Записки д-ра Вильяма Монгомери Мак-Говерна.
(Продолжение).
Нам надо было двигаться возможно скорее. Погода держалась хорошая и я знал, что если удастся достигнуть перевала до снежной бури, мы можем пройти его благополучно, между тем всякая задержка могла оказаться опасной.
Однако, Сатана был в таком состоянии, что его невозможно было поднять, и я был вынужден остановиться на день. Короткий переход не убавил моего аппетита и я в один присест с'ел цыпленка и 6 яиц. Наша ранняя остановка дала мне немного времени, которое я употребил на подготовку к будущему своему переодеванию.

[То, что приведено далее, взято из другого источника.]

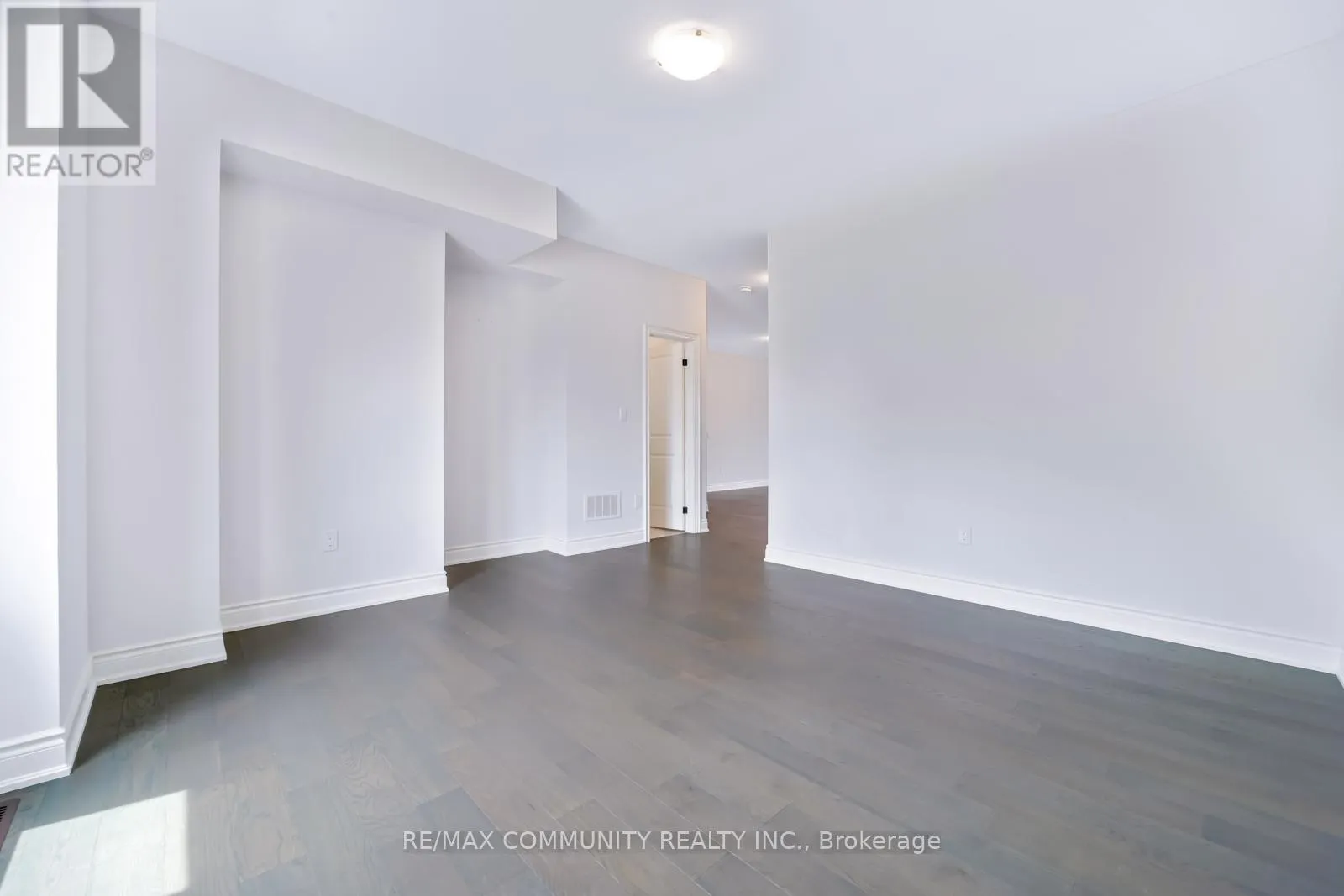 16 ALAN WILLIAMS TRAIL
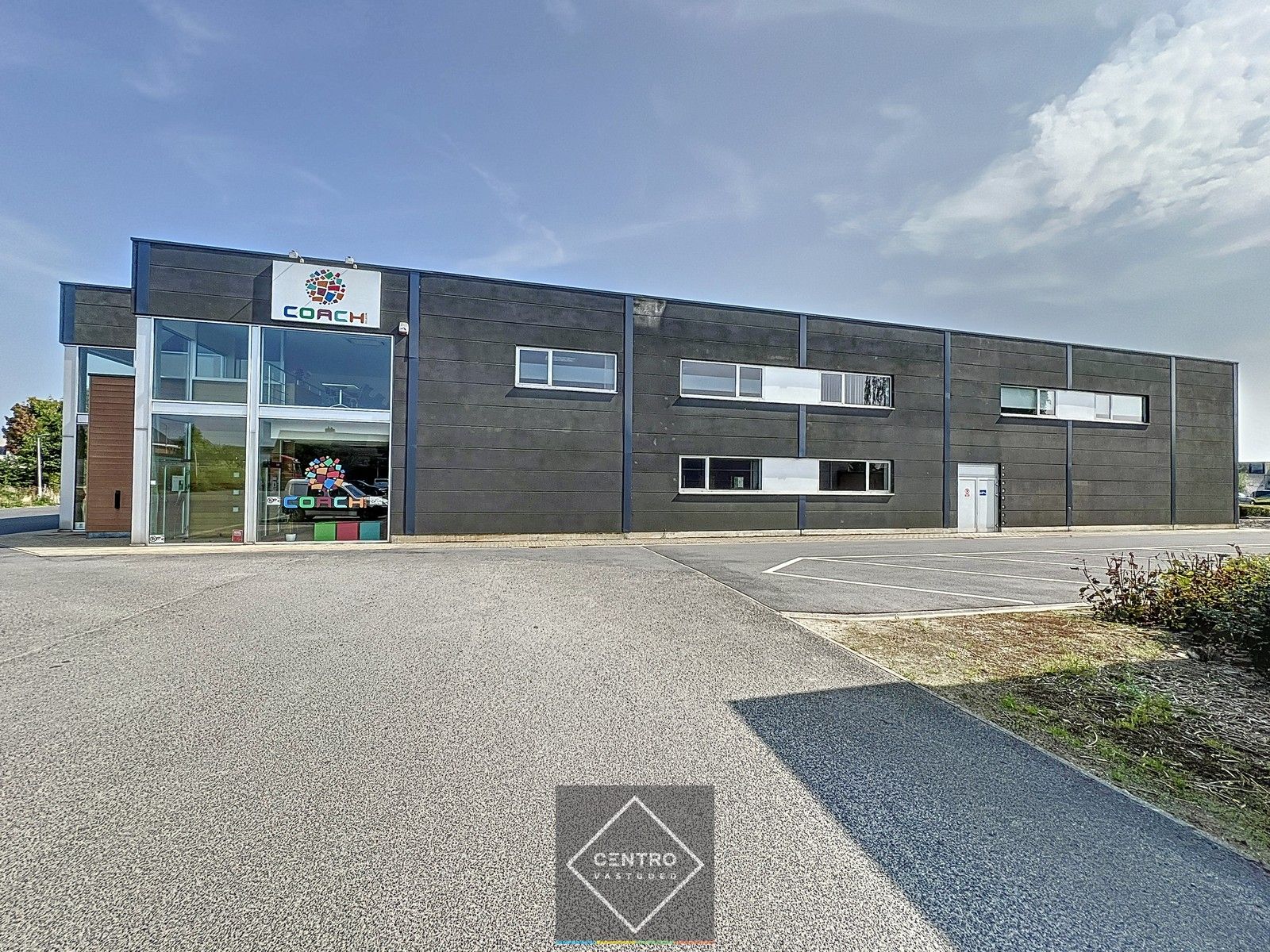 Instapklaar PERFECT onderhouden multifunctioneel BEDRIJFSPAND (1.180 m²) voor handel, kantoor of dienstensector (huidige uitbating: opleidingscentrum) ! foto 3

До сих пор я путешествовал, как англичанин, и имел разрешение продолжать путешествие до перевалов, т.-е. мог не переодеваться еще несколько дней. Но я боялся возбудить внимание своим видом европейца, проходя по последним сиккимским деревням. Европеец здесь столь редкое явление, что его присутствие не может не отмечаться, и если бы меня увидели в таком виде на перевале, несомненно, пошел бы слух, что я перебрался в Тибет. Этого я хотел, во что бы то ни стало, избежать. С другой стороны, я не хотел и переодеваться слишком рано, чтобы не выдать себя, ибо, если бы деревенские власти увидали меня переодетым по тибетски, то, не смотря на все мои разрешения, они могли остановить меня.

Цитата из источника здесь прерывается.